#### Directions:
Output each record exactly, with nothing omitted.

START Provided records

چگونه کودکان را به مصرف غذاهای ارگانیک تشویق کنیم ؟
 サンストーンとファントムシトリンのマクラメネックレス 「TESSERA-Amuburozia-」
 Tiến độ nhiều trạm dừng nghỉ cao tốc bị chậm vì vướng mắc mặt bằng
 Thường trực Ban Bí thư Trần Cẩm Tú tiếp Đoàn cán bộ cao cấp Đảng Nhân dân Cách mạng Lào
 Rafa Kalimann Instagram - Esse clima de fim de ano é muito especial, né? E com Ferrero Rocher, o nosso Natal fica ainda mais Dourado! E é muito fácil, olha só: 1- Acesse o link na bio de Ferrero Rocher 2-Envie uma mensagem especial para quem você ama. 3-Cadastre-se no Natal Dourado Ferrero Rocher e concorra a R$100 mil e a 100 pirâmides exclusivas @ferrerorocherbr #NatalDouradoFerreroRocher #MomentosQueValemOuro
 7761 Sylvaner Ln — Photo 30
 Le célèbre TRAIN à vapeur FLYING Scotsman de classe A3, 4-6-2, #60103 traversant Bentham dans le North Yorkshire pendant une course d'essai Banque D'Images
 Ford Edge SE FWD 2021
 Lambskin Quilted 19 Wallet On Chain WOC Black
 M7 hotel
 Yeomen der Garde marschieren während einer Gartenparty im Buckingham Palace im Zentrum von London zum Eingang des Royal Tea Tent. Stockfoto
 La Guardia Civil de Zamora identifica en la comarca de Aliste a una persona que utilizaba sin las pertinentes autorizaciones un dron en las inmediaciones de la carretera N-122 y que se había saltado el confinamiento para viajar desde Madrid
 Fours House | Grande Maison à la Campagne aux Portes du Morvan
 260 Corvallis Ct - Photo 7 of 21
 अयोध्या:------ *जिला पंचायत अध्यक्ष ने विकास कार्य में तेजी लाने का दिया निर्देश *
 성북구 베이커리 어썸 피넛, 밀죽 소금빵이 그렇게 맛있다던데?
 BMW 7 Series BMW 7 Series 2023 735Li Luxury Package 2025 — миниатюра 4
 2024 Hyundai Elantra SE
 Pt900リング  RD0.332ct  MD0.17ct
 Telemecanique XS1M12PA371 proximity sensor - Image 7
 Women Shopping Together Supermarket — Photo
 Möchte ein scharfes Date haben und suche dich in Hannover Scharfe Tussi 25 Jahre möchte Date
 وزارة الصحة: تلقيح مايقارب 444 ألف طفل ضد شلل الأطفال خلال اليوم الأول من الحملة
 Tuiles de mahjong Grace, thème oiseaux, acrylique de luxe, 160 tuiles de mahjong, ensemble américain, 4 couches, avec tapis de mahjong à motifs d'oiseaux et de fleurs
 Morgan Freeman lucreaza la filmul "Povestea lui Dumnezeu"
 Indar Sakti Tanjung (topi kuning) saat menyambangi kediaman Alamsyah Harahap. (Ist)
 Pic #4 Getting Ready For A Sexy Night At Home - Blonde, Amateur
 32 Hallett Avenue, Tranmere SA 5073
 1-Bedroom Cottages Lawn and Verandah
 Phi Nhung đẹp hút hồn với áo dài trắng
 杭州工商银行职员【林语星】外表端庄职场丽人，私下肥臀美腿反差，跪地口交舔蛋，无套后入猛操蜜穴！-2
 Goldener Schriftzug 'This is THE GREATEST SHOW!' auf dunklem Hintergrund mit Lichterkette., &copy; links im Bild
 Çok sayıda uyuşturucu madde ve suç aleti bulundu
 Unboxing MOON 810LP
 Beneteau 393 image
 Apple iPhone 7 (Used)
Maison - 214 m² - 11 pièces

END Provided records

#### Exercise response:
چگونه کودکان را به مصرف غذاهای ارگانیک تشویق کنیم ؟
 サンストーンとファントムシトリンのマクラメネックレス 「TESSERA-Amuburozia-」
 Tiến độ nhiều trạm dừng nghỉ cao tốc bị chậm vì vướng mắc mặt bằng
 Thường trực Ban Bí thư Trần Cẩm Tú tiếp Đoàn cán bộ cao cấp Đảng Nhân dân Cách mạng Lào
 Rafa Kalimann Instagram - Esse clima de fim de ano é muito especial, né? E com Ferrero Rocher, o nosso Natal fica ainda mais Dourado! E é muito fácil, olha só: 1- Acesse o link na bio de Ferrero Rocher 2-Envie uma mensagem especial para quem você ama. 3-Cadastre-se no Natal Dourado Ferrero Rocher e concorra a R$100 mil e a 100 pirâmides exclusivas @ferrerorocherbr #NatalDouradoFerreroRocher #MomentosQueValemOuro
 7761 Sylvaner Ln — Photo 30
 Le célèbre TRAIN à vapeur FLYING Scotsman de classe A3, 4-6-2, #60103 traversant Bentham dans le North Yorkshire pendant une course d'essai Banque D'Images
 Ford Edge SE FWD 2021
 Lambskin Quilted 19 Wallet On Chain WOC Black
 M7 hotel
 Yeomen der Garde marschieren während einer Gartenparty im Buckingham Palace im Zentrum von London zum Eingang des Royal Tea Tent. Stockfoto
 La Guardia Civil de Zamora identifica en la comarca de Aliste a una persona que utilizaba sin las pertinentes autorizaciones un dron en las inmediaciones de la carretera N-122 y que se había saltado el confinamiento para viajar desde Madrid
 Fours House | Grande Maison à la Campagne aux Portes du Morvan
 260 Corvallis Ct - Photo 7 of 21
 अयोध्या:------ *जिला पंचायत अध्यक्ष ने विकास कार्य में तेजी लाने का दिया निर्देश *
 성북구 베이커리 어썸 피넛, 밀죽 소금빵이 그렇게 맛있다던데?
 BMW 7 Series BMW 7 Series 2023 735Li Luxury Package 2025 — миниатюра 4
 2024 Hyundai Elantra SE
 Pt900リング  RD0.332ct  MD0.17ct
 Telemecanique XS1M12PA371 proximity sensor - Image 7
 Women Shopping Together Supermarket — Photo
 Möchte ein scharfes Date haben und suche dich in Hannover Scharfe Tussi 25 Jahre möchte Date
 وزارة الصحة: تلقيح مايقارب 444 ألف طفل ضد شلل الأطفال خلال اليوم الأول من الحملة
 Tuiles de mahjong Grace, thème oiseaux, acrylique de luxe, 160 tuiles de mahjong, ensemble américain, 4 couches, avec tapis de mahjong à motifs d'oiseaux et de fleurs
 Morgan Freeman lucreaza la filmul "Povestea lui Dumnezeu"
 Indar Sakti Tanjung (topi kuning) saat menyambangi kediaman Alamsyah Harahap. (Ist)
 Pic #4 Getting Ready For A Sexy Night At Home - Blonde, Amateur
 32 Hallett Avenue, Tranmere SA 5073
 1-Bedroom Cottages Lawn and Verandah
 Phi Nhung đẹp hút hồn với áo dài trắng
 杭州工商银行职员【林语星】外表端庄职场丽人，私下肥臀美腿反差，跪地口交舔蛋，无套后入猛操蜜穴！-2
 Goldener Schriftzug 'This is THE GREATEST SHOW!' auf dunklem Hintergrund mit Lichterkette., &copy; links im Bild
 Çok sayıda uyuşturucu madde ve suç aleti bulundu
 Unboxing MOON 810LP
 Beneteau 393 image
 Apple iPhone 7 (Used)
Maison - 214 m² - 11 pièces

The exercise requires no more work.